§ YOUR OBJECTIVE:
Reproduce exactly the line with "Single Family Residence" and the lines after it. Stop at the last line of the data and include nothing else.

§ INPUT DATA:
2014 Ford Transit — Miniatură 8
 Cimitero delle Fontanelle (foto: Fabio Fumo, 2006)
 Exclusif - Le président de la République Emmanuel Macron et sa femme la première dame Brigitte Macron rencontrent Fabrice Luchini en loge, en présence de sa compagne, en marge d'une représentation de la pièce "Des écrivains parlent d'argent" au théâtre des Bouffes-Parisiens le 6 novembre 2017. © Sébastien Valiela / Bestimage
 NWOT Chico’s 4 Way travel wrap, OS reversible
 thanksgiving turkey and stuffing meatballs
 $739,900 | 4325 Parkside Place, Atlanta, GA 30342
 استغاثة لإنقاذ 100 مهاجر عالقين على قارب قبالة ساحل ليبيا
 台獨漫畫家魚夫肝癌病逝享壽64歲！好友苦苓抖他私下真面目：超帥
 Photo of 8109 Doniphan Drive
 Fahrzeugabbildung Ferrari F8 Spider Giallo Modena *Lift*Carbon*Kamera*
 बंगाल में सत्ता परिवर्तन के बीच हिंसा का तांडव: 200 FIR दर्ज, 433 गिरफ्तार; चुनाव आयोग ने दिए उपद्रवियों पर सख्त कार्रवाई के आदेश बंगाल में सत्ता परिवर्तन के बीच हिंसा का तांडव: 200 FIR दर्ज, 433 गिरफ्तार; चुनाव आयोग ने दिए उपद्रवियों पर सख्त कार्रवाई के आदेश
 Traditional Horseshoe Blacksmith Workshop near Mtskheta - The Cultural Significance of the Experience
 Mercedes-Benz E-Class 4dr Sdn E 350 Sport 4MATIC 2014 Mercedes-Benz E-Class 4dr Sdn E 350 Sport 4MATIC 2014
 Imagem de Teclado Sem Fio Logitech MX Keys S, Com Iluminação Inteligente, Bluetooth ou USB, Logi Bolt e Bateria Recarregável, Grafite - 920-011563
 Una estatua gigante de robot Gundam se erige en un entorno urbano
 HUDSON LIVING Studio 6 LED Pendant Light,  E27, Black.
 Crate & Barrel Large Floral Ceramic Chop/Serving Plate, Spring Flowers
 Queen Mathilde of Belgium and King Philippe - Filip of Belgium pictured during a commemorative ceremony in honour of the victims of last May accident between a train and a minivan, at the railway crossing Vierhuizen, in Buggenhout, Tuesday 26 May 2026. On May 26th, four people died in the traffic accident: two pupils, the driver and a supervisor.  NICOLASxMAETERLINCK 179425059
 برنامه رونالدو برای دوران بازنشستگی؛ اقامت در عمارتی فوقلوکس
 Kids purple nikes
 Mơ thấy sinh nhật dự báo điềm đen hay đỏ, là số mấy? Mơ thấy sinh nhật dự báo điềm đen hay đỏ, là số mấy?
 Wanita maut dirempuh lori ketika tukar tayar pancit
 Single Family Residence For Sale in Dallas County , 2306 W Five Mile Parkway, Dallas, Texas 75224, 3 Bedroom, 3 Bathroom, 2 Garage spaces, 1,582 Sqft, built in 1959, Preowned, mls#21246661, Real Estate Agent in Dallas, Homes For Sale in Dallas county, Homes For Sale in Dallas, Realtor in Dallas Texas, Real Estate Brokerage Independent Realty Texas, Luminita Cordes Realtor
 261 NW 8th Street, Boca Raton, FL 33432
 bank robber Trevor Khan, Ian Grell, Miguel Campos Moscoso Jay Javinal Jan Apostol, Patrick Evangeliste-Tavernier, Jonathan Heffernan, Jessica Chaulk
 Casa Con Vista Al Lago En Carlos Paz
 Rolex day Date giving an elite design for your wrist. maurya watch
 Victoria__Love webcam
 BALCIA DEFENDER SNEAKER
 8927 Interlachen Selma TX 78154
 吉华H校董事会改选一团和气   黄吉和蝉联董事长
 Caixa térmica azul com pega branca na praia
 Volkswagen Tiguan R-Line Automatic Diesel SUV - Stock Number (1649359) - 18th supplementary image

§ ANSWER:
 Single Family Residence For Sale in Dallas County , 2306 W Five Mile Parkway, Dallas, Texas 75224, 3 Bedroom, 3 Bathroom, 2 Garage spaces, 1,582 Sqft, built in 1959, Preowned, mls#21246661, Real Estate Agent in Dallas, Homes For Sale in Dallas county, Homes For Sale in Dallas, Realtor in Dallas Texas, Real Estate Brokerage Independent Realty Texas, Luminita Cordes Realtor
 261 NW 8th Street, Boca Raton, FL 33432
 bank robber Trevor Khan, Ian Grell, Miguel Campos Moscoso Jay Javinal Jan Apostol, Patrick Evangeliste-Tavernier, Jonathan Heffernan, Jessica Chaulk
 Casa Con Vista Al Lago En Carlos Paz
 Rolex day Date giving an elite design for your wrist. maurya watch
 Victoria__Love webcam
 BALCIA DEFENDER SNEAKER
 8927 Interlachen Selma TX 78154
 吉华H校董事会改选一团和气   黄吉和蝉联董事长
 Caixa térmica azul com pega branca na praia
 Volkswagen Tiguan R-Line Automatic Diesel SUV - Stock Number (1649359) - 18th supplementary image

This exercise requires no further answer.